BL: This point was discussed repeatedly yesterday during oral arguments, and the thing about it is, I don’t think Sandra Day O’Connor meant for it to ever be a deadline. I think it’s a goal. We would all like to be in a place in this country and in this world where we can use race neutral alternatives. But the reality is it’s just not true. And in a world right now in which we are just a few years after George Floyd’s murder and the biggest protests in the U.S. over race with the Black Lives Matter movement as well as being in the midst of still a pandemic that has generated a lot of political and xenophobic rhetoric that has resulted in a spike in violence and deaths against the Asian American community, we’re simply not in a post-racial world. And so whether we’re talking about 25 years from the Grutter decision or 25 years later, what matters is the context of how we’re experiencing race and racism in this society.

NK: Yesterday, hundreds of people were gathered outside the Supreme Court, most of them students. They were there in support of affirmative action. So I wonder what it was like for you. How did you feel seeing that group there as you wait for the court’s decision?

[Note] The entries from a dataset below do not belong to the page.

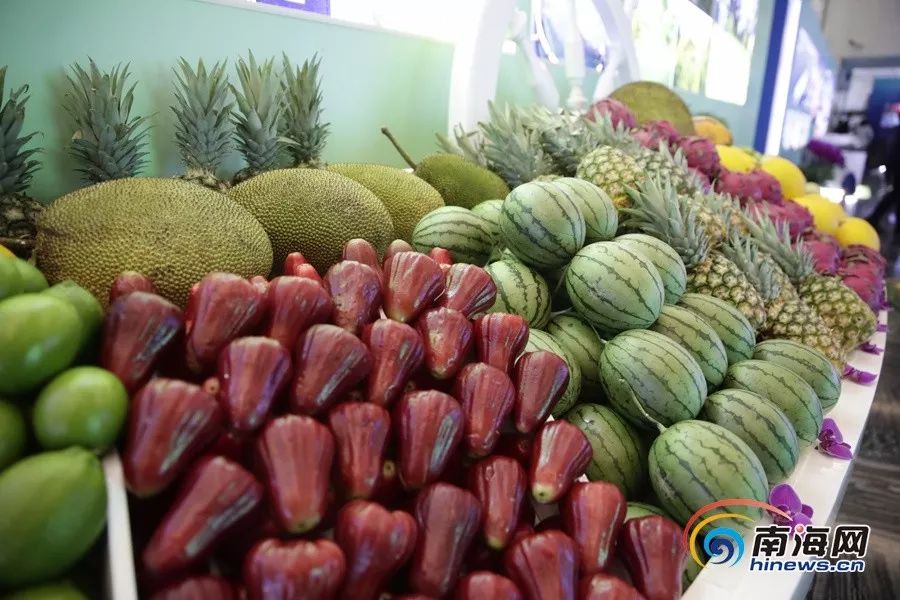 東北往事之人在江湖 视频截图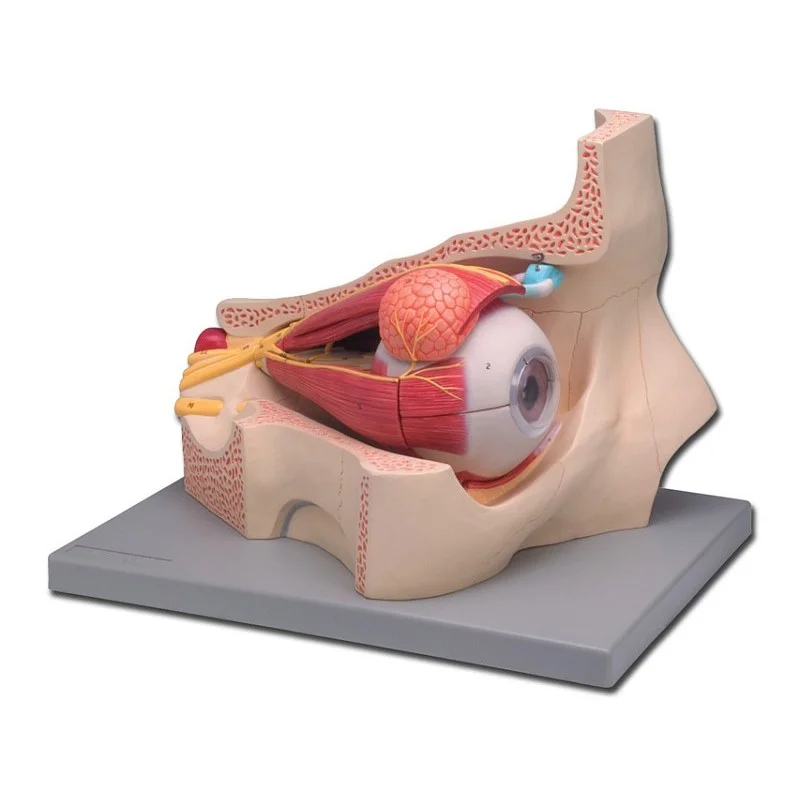 medicalistore-fr-1755211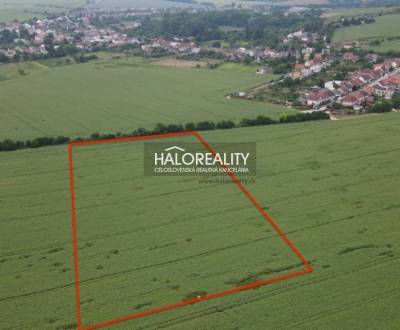 Sale Agrarian and forest land, Trnava, Slovakia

BL: It was an electric feeling. I think the community of students who understand and are the beneficiary of affirmative action and race-conscious admissions policies from the past several decades, seeing them there and also hearing the stories of students who have been in this fight from the time of Bakke, to Grutter, to now, was just an incredible trajectory of the civil rights work that has been going on for generations.

NK: Bethany, thank you for your time.

BL: Thank you so much for having us.

Bethany Li is the legal director of the Asian American Legal Defense and Education Fund. We reached her in Boston.